Any help is really appreciated.

If you leave your model in training mode (not calling model.eval() or calling model.train() explicitly), the running estimates in your batchnorm layers in your model will be updated.
Even without optimizing parameters, your validation outputs will change after a forward pass during training.

for e in range(num_epochs):
e_losses.append(train_epoch(X_train,Y_train,net, opt, criterion,4) )
net.eval()
x_t = Variable(X[id_cv,:])
Y_t = Y[id_cv,:]
with torch.no_grad():
y_t = net(x_t)
y_ev = [x>0.5 for x in y_t]
yy = y_ev
acc.append(accuracy_score(np.array(yy).astype(int),np.array(Y_t.squeeze().tolist())))
if e%100 == 0 and e!=0:
plt.plot(acc)
plt.show()

Here’s my code where I am calling model.eval() before validation. But, still the validation results are different for different epochs.

Using your code, I get exact the same results, if I call model.eval() before the loop:

x = torch.randn(10, 246)
target = torch.randint(0, 2, (10, 1)).float()
criterion = nn.BCELoss()
model = MyModel()
model.eval()
outputs = []
losses = []
with torch.no_grad():
for _ in range(10):
output = model(x)
loss = criterion(output, target)
outputs.append(output)
losses.append(loss)
outputs = torch.stack(outputs)
print((outputs[0] == outputs).all())
> tensor(1, dtype=torch.uint8)
losses = torch.stack(losses)
print((losses[0] == losses).all())
> tensor(1, dtype=torch.uint8)

Note that the results will differ, if you comment model.eval().

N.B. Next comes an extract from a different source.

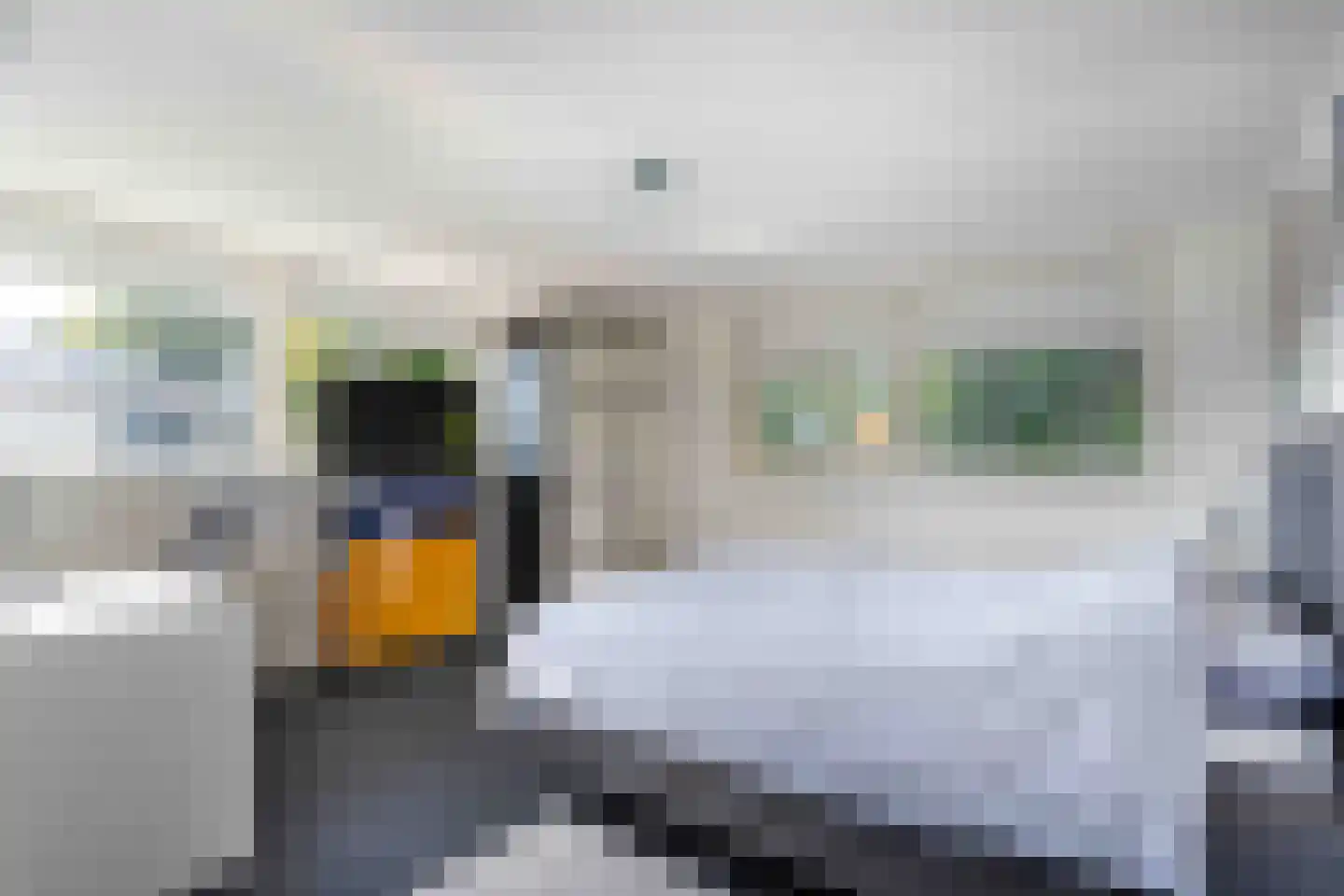 Wolfsbossingel 125 Beuningen Gld thumbnail 25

In your code snippet you are using train_epoch, which seems to train the model?
If so, you will surely get different results for your evaluation, since the parameters changed.
Let me know, if I misunderstood something.

Thanks for the reply. Yes, train_epoch() is training the model but since I set lr=0, I thought that the validation results will be the same. But, it seems like the batch norm is changing the parameters even though the learning rate is 0. Is there any way to prevent it?